Pakistan's disputed Northern Areas go to polls

GILGIT, Pakistan (Reuters) - Voters in Pakistan’s mountainous far north went to the polls on Thursday to elect an assembly for their district as part of an autonomy package that has angered old rival India.

A woman stands in a queue to cast her vote during an election of the Legislative assembly for Northern Areas in Gilgit-Baltistan November 12, 2009. REUTERS/Abrar Tanoli

Pakistan’s Northern Areas have never officially been part of the country, instead they have been a part of the Pakistani-controlled portion of the disputed Kashmir region since shortly after Pakistan’s independence in 1947.

In August, Pakistan announced a plan aimed at giving more of a say to the people of the strategic region, renamed Gilgit-Baltistan, with a first step being an election for an assembly.

People of the sparsely populated region turned out in force to cast their votes.

“It’s our basic right to have our own assembly and our own representatives,” said Mohammad Owais, a 40-year-old shopkeeper standing in a long queue at a polling station in Gilgit, the region’s main town. “Today we have been given this right.”

The country’s two main political parties, several smaller ones and independent candidates are competing for seats in a 24-member assembly.

Bordering China on one side and the mainly Buddhist Indian region of Ladakh on the other, the area is known to mountaineers as home to some of the world’s highest peaks.


Although Pakistan has held the region since its first war with India in 1948, its status was left in limbo as Pakistan had not wanted to compromise its case in the dispute over Kashmir.

The Himalayan region, which Pakistan and India both claim in full but rule in part, remains at the core of six decades of hostility between the now nuclear-armed neighbors.

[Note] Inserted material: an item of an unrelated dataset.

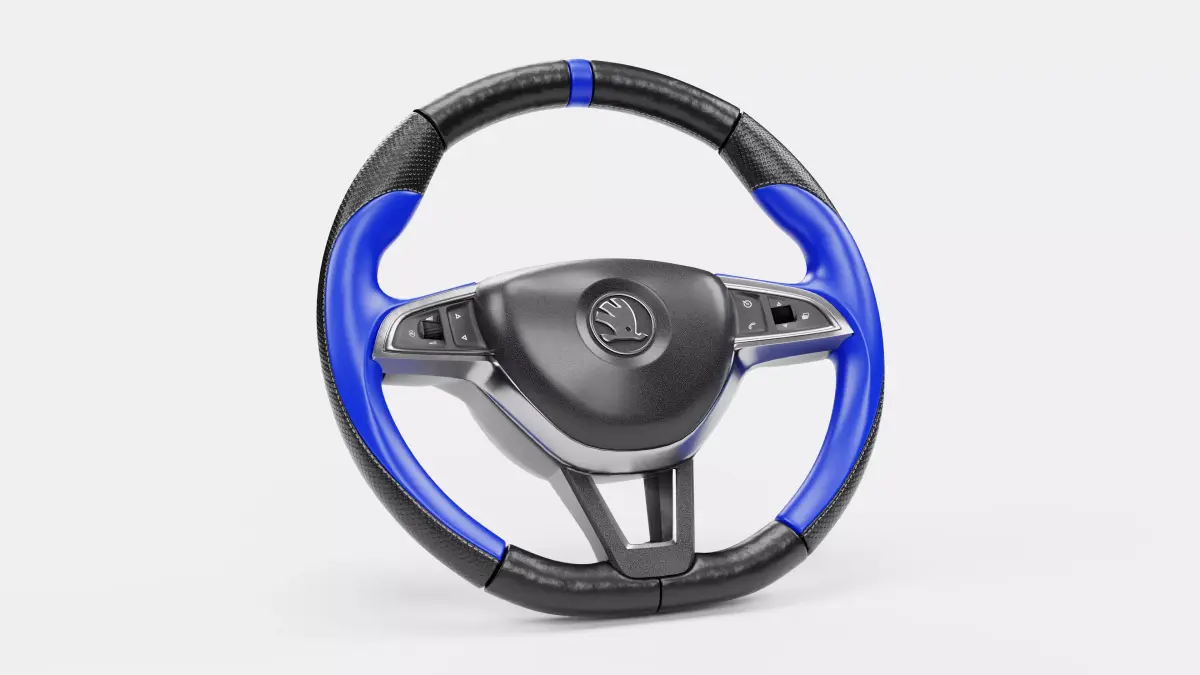 Blue Cover Steering Wheel 3D model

In September, India protested to Pakistan over its reform package, saying it was meant to “camouflage Pakistan’s illegal occupation” of the area. Pakistan dismissed India’s objections.

But politicians in Pakistani Kashmir also oppose the reform package saying it is aimed at integrating Gilgit-Baltistan into Pakistan and would undermine their case for the independence of Kashmir from India.

About 300 activists from Kashmiri groups marked the election with a protest in Muzaffarabad, the capital of Pakistani Kashmir.

“Pakistan’s expansionist designs in Gilgit-Baltistan are unacceptable,” read a banner carried by some protesters.

Many of the 1.5 million people of Gilgit-Baltistan oppose integration into Kashmir and want their area to be merged into Pakistan and declared a separate province.

“It’s an old habit of Kashmiri politicians to raise a hue and cry under the pretext of the Kashmir dispute whenever efforts are made to give us our basic rights,” said Hussain Ali Rana, a politician in Gilgit.

“If people in (Indian) occupied and Azad (Pakistani) Kashmir can have their own assemblies, why can’t we?”